Los libreros de la ciudad de Toro viven un fenómeno inaudito, todas las obras de Don Mario Vargas Llosa, Premio Nobel de Literatura, se han vendido como rosquillas, agotándose en pocas horas. El nobel visita la ciudad.
La expectación es máxima. Don Mario no viene a presentar su último libro, ni a dar una conferencia sobre su obra, viene a visitar la histórica plaza de toros de la ciudad porque es un gran amante del mundo de la tauromaquia.

La plaza de toros de Toro se inauguró el 18 de agosto de 1828 y es una reliquia excepcional de la arquitectura popular.
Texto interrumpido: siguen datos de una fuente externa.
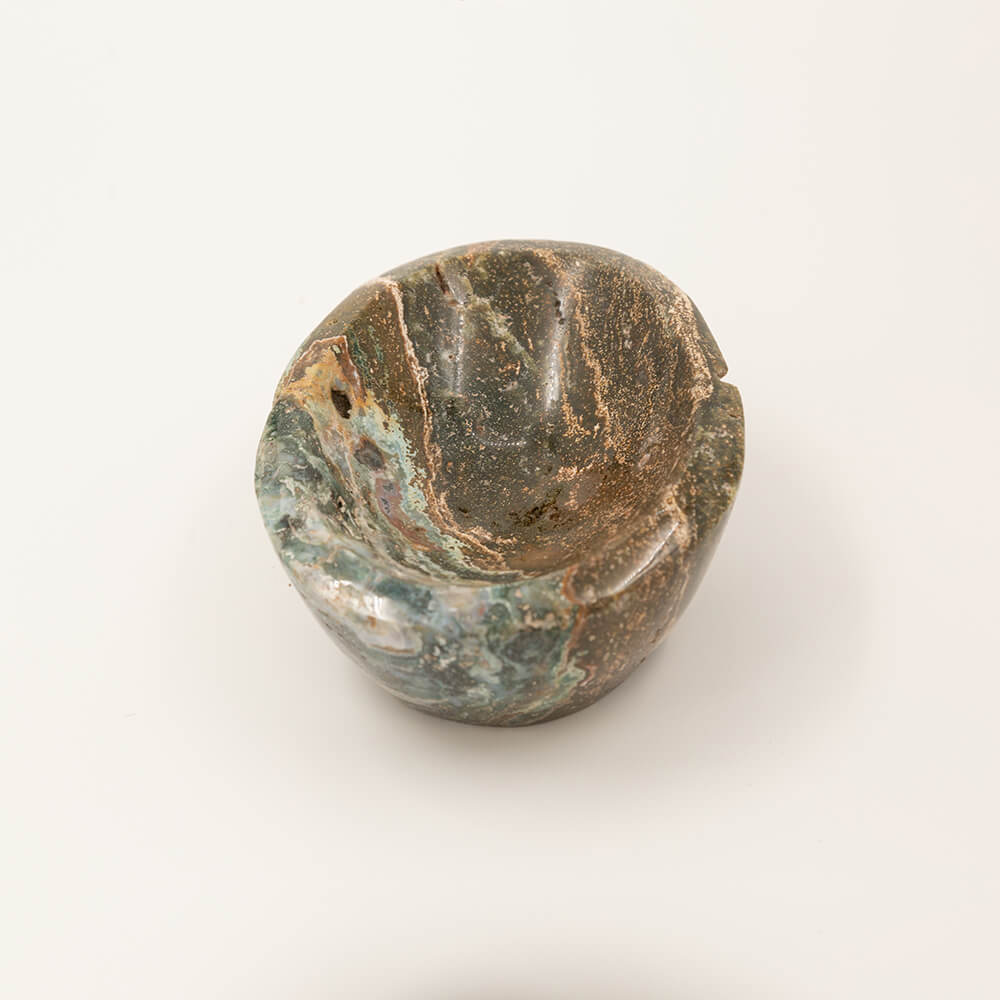 Rare Ocean Jasper from Madagascar.  Beautiful orbicular patterns.  This stone has become much more rare since its sole deposit has no more stock.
Es la segunda plaza más antigua de España y ha sido declarada BIC (Bien de Interés Cultural) con categoría de monumento en el año 2008.
La casi bicentenaria plaza ha sido recientemente restaurada y su ruedo de 45,80m sirvió de inspiración para la construcción de la plaza de toros de las Ventas de Madrid.
En ella han toreado importantes figuras del toreo de todos los tiempos como Joselito, el Gallo, Lagartijo y recientemente Cayetano Rivera.
Don Mario Vargas Llosa descubrió un azulejo conmemorativo que deja constancia de su paso por el histórico coso toresano al mismo tiempo que apoyó la tauromaquia, esencia secular de la cultura española, entre grandes aplausos y vítores tanto de sus admiradores literarios como de los defensores del mundo del toro.